说完顾朝生马上又补充,“不过,不管具体因为什么,现在你姐也没了,你反正也打算走了,要不就别听了,知道了也没什么用。”
顾朝生这么说,程岩竹差不多就能想到,程岩婧最后走极端的原因,肯定是不太体面。
不是程岩婧不体面,应该是周家,或者是程家不干人事。
程岩竹从来都不是喜欢糊涂过生活的人,不管事情好不好,她还是想弄得明明白白。
程岩竹深呼吸了一口气,看着顾朝生,“你说吧,我想知道,我最起码也应该清楚一下,我姐是怎么被他们逼死的。”
顾朝生盯着程岩竹看了半天,最后才缓缓道来。
程岩婧嫁给周双全好多年了,之前也怀过一个孩子,但是周双全醉酒后对程岩婧动了手,孩子被打没了,再后来就一直没怀上。
程岩婧因为这个,或许也还有程家那边总想着让程岩婧找机会贴补娘家的因素在,反正她日子一直不好过。
就在前几天,周双全公然领回来个女人孩子,说这对母子他养在外边很多年了,现在想给名分。
给名分无非就是离婚再结婚,可周双全不是这么打算的,周家算是有点小脸面,觉得离了婚丢人,而且私生子的事情也会被爆出来,影响周家的名誉。
所以周家那边的意思是,好在那女人也没说一定要名义上周家少奶奶的称号,那就这么过,女人孩子接回来,一大家子大锅饭一样,一锅炒。
程岩竹听到这里,都笑了,“在外边玩女人不觉得丢人,弄出私生子不觉得丢人,老婆情人私生子生活在一起不觉得丢人,偏生就离婚丢人了。”
顾朝生也不知道怎么评价的好,确实是很乱套。
程岩婧不是没有三观的人,从前挨打挨骂受委屈能忍,可这种是死活都忍不了的。
顾朝生说,“你姐因为这个事情,回家和你父母商量了一通,具体怎么商量的我不清楚,但是随后,就这样了。”
程岩竹脸上嘲讽的笑意还在,用力的点了几下头,“我知道了。”
她随后似乎忍不住笑了一下,笑的比哭还难看,“真的是,干什么抹脖子呢,都把那畜生送走了,以后的日子不管怎么样都比从前好过,怎么就这么想不开。

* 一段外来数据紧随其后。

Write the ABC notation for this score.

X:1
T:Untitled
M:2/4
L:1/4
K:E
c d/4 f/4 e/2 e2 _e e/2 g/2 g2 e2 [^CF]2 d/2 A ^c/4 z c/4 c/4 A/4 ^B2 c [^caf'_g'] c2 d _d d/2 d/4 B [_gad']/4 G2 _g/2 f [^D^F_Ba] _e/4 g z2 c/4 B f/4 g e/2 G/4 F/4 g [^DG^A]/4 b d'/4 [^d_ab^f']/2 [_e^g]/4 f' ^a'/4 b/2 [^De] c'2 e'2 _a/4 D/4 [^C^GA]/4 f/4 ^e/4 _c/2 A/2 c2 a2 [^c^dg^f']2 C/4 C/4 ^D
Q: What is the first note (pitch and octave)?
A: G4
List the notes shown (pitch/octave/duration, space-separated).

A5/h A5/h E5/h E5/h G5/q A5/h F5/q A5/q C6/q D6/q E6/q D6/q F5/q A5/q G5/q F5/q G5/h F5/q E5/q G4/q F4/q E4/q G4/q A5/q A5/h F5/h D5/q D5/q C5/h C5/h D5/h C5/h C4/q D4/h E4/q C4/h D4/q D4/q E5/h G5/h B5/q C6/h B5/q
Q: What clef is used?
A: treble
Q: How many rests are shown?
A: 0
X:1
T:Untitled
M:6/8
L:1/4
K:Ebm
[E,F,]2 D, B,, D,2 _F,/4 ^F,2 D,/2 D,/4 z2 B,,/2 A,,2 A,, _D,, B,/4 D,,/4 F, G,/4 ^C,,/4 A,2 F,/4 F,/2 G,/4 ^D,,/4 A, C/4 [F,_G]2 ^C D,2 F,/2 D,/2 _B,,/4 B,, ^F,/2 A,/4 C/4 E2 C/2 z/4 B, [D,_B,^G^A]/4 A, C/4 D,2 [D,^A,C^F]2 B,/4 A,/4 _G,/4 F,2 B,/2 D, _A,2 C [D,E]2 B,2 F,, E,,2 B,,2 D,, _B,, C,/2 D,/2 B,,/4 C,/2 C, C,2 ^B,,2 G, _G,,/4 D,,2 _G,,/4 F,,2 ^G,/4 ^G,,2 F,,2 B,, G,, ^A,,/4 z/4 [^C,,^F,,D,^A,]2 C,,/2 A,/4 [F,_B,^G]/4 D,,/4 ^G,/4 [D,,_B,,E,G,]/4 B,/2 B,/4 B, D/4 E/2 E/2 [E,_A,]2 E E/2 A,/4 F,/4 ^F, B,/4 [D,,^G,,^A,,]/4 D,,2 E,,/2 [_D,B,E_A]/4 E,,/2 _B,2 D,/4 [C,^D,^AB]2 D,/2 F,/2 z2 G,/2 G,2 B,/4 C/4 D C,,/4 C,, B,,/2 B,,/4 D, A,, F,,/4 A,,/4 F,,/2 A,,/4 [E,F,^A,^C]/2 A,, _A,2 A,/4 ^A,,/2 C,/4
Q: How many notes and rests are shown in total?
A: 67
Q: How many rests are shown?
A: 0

”
顾朝生没说话,程岩婧应该也不是想不开,而是对这个世界不抱希望了吧。
不知道程家那边和她说了什么,能给她弄死人自己也不活了的勇气。
程岩竹站起来,朝着卫生间过去,“今天谢谢你,我去洗个澡就睡了,你也早点休息。”
顾朝生倒是不担心程岩竹会做出什么想不开的事情来,她不是那样的人。
他在沙发上坐着没走,想起厉墨之前在医院那边说的那些话,程海严那边要弄个答谢宴,可以带女伴。
顾朝生已经明白厉墨说这番话的意思,他原本是不想整太多事情出来的,可随后知道程岩婧这番疯狂举动背后的原因后,他又总觉得自己应该做点什么。
程家那样的家庭,程岩竹不可能躲一辈子的,尤其依着程家那些人的脾气秉性来说,他们也不可能放过程岩竹。
现在程岩婧没了,程岩峰那个废物撑不起来程家,程家偏爱儿子,最后还是会把程岩竹当做垫脚石。
顾朝生长长的叹了口气。
他一直等到程岩竹洗了澡出来,然后转身看着她,开口,“我有个事情想和你说一下。”
程岩竹的眼眶是红着的,想来刚才洗澡的时候又哭了。
程岩竹点头,“怎么了?”
顾朝生先问了一下程岩竹和程海严家那边有没有什么来往牵扯。
程岩竹摇头,“没有,我都没见过他们,我爸妈倒是去攀过亲戚,带着我哥去的,但是那边没给他们台阶,后来就再也没来往过了。”
顾朝生点点头,就把程海严马上要举办答谢宴的事情说了,然后又说,“我可能会过去,你如果愿意,我带你去。”
不等程岩竹说什么,顾朝生又说,“你家里那种情况,我自己是觉得,你就算离开这边,躲得了一时也躲不了一世,总有一天他们还是会找上你的,所以,如果有机会的话,你不如留下来,先强大自己,或者先弄个强大一点的靠山。”
现阶段,顾朝生算得上是程岩竹的靠山,可是他知道自己不能一直帮她,非亲非故的,加上他们两个各自有自己的生活,他过多的插手程岩竹的事情,并不太好。
而程海严家不一样,那边多少和程岩竹能挂上一点亲戚关系,对她帮扶照应也有正当的理由,那边如果能有一些突破,以后程岩竹的日子会好过很多。
程岩竹显然也明白顾朝生的意思,她没马上拒绝,只说,“我考虑一下吧,明天去医院那边看看再说。”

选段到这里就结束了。